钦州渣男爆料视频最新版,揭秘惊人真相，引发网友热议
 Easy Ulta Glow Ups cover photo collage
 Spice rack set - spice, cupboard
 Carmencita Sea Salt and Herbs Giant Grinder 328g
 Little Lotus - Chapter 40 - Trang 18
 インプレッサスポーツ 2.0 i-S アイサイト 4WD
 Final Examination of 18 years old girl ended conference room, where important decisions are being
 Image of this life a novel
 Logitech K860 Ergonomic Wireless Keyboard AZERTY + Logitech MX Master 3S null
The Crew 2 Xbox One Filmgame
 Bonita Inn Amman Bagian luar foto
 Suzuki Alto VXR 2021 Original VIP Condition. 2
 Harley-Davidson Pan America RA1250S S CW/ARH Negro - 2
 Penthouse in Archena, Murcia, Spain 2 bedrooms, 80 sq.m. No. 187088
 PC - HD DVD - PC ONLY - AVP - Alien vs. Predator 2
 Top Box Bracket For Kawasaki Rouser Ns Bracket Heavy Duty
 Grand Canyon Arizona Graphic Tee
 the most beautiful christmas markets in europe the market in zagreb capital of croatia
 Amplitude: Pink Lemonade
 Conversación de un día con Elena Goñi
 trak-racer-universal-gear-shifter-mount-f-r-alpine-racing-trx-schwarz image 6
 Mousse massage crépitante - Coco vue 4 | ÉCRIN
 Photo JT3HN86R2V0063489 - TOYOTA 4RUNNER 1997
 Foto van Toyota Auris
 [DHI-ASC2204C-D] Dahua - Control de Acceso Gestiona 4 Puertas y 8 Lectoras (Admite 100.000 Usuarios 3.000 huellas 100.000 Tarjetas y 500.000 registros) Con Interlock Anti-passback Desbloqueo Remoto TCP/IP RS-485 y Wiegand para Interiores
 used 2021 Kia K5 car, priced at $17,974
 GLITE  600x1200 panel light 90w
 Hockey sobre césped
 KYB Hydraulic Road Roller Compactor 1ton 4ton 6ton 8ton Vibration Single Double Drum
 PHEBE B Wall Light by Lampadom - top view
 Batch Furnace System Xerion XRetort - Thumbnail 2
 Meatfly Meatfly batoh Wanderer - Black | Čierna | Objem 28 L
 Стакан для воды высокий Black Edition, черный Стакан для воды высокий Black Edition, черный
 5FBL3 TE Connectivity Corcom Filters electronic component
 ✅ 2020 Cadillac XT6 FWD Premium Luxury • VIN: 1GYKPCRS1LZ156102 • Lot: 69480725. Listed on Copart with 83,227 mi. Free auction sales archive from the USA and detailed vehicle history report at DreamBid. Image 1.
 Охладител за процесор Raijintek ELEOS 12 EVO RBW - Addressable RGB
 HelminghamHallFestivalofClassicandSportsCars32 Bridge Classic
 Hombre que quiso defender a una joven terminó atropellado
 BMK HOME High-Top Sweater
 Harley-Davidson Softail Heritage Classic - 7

◆ TASK DESCRIPTION ◆
Looking at the data above, write out exactly the lines that start at the one containing "panel light 90w" and end at the one containing "Охладител за процесор"; include both and nothing beyond.

◆ RESPONSE TO THE EXERCISE ◆
 GLITE  600x1200 panel light 90w
 Hockey sobre césped
 KYB Hydraulic Road Roller Compactor 1ton 4ton 6ton 8ton Vibration Single Double Drum
 PHEBE B Wall Light by Lampadom - top view
 Batch Furnace System Xerion XRetort - Thumbnail 2
 Meatfly Meatfly batoh Wanderer - Black | Čierna | Objem 28 L
 Стакан для воды высокий Black Edition, черный Стакан для воды высокий Black Edition, черный
 5FBL3 TE Connectivity Corcom Filters electronic component
 ✅ 2020 Cadillac XT6 FWD Premium Luxury • VIN: 1GYKPCRS1LZ156102 • Lot: 69480725. Listed on Copart with 83,227 mi. Free auction sales archive from the USA and detailed vehicle history report at DreamBid. Image 1.
 Охладител за процесор Raijintek ELEOS 12 EVO RBW - Addressable RGB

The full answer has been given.